2. 1980s Hilary Clinton: Just to remind people of the time you tricked them into believing that Bill was the politician in the family.
3. Regina George from Mean Girls: Teach the boys of the White House that they can't wear a tank top two days in a row, along with, like, the rules of feminism. And let's be honest, you already have a White House burn book.
4. Amy Poehler: Turn the tables on this comedy goddess. She how she likes it, for once.
5. Couples Costume #1- Hilary and Michelle Obama as Columbia and Magenta from The Rocky Horror Picture Show: Because I could do your sequin gluing for you and because I would really like to see Michelle with giant Diana Ross hair. And I bet you could do a pretty great Time Warp if you got Raul Esparza to sing the Riff Raff part.
6. Ann Romney: How much fucking fun would that be? You could talk about dressage horses all night.
7. Maleficent from Sleeping Beauty: It might be too late to rent a raven by next Wednesday, but this would still be a strong costume idea, especially if your Halloween plans involve standing atop the White House and cackling at how you run the world.
8. A giant pantsuit: Because fuck off, 2008 political commentary, you're Hilary Clinton and you'll wear what you damn well please.

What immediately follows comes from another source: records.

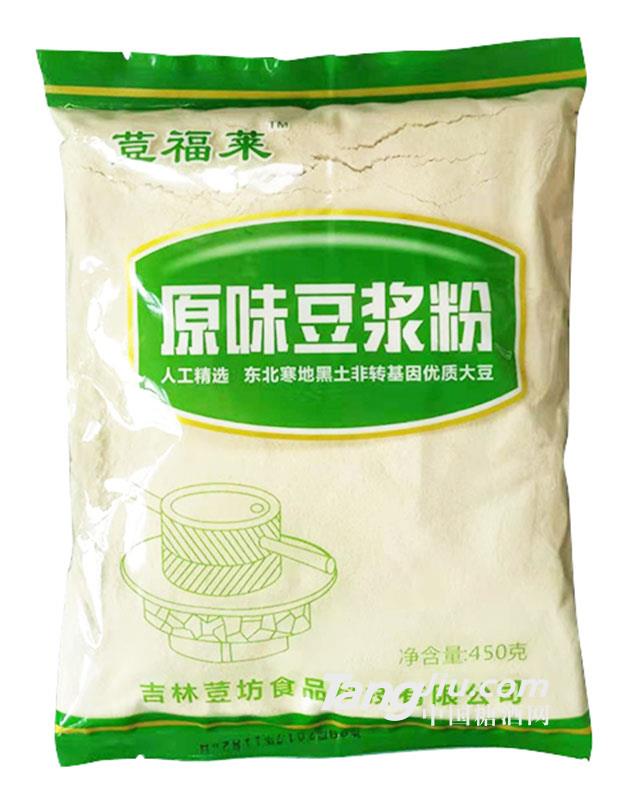 荳福萊原味豆?jié){粉450g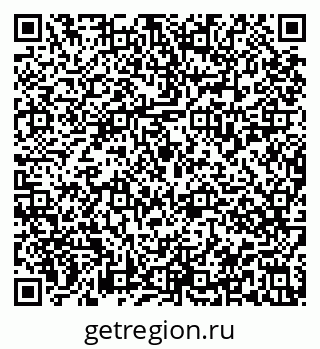 79913837120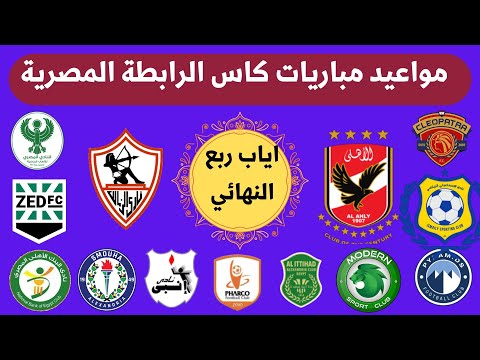 موعد وتوقيت مباريات كاس الرابطة المصرية اياب ربع النهائي 20 5 2028 جدول مباريات كاس عاصمة مصر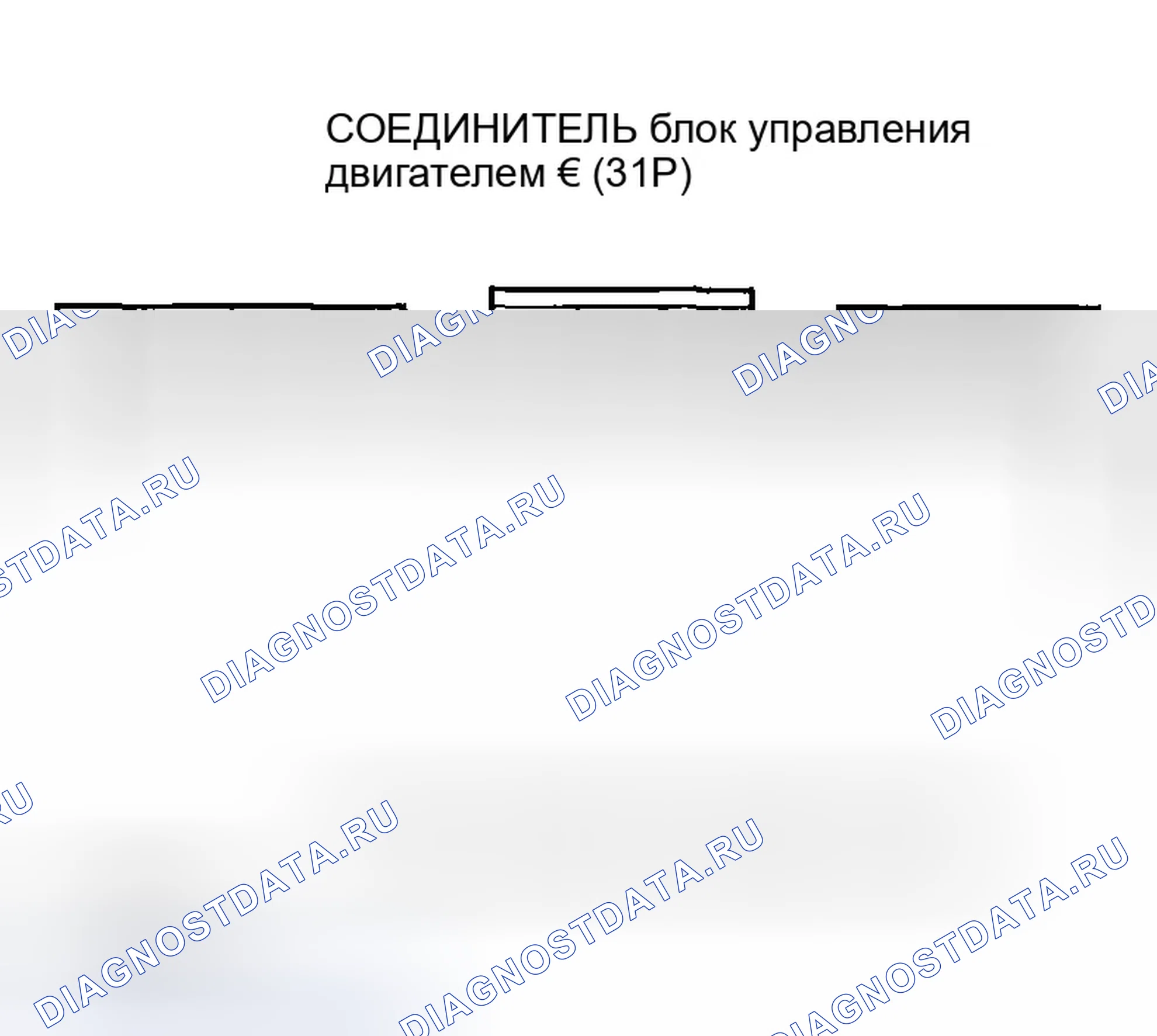 Рис. 49. Honda S2000 AP1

9. Joan Jett: Because you're a fucking rock star and "Bad Reputation" is your pump-up song before every public appearance. You don't give a damn.
10. Courtney Love: You'd get to chain smoke with Barack all night and, admit it, "Doll Parts" is your ringtone when Bill calls.
11. Governor Chris Christie: Sure, you'd get in some great digs at this possible future presidential contender. Mostly, though, you'd dress up as the Governor to remind people that his future defeat has absolutely nothing to do with his body-type. 2016 belongs to you because you eat politicians like Chris Christie for breakfast.
12. Couples Costume #2- Hil, Michelle, and Ann Coulter as Baby, Scary, and Sporty Spice: Because she's the devil, poor Ann often gets left out of group costumes, and even when she's included it's usually because Sarah Palin needs someone to play bass in her Kiss cover band. Reach way way way across the aisle and invite her to join you for a little Girl Power. You'd look great. Plus in those giant platform shoes, you'd tower over all the dudes in the room.
What do you think, readers? I know most of you prefer to be silent blog spectators, but weigh in here. Surely I've missed some really fantastic costumes. Anyone want to do their patriotic duty and help me glue sequins to the Secretary of State? Your country needs you!
Seriously, Hilz. Please come to the New Queer Halloween Party. Our friends would just die.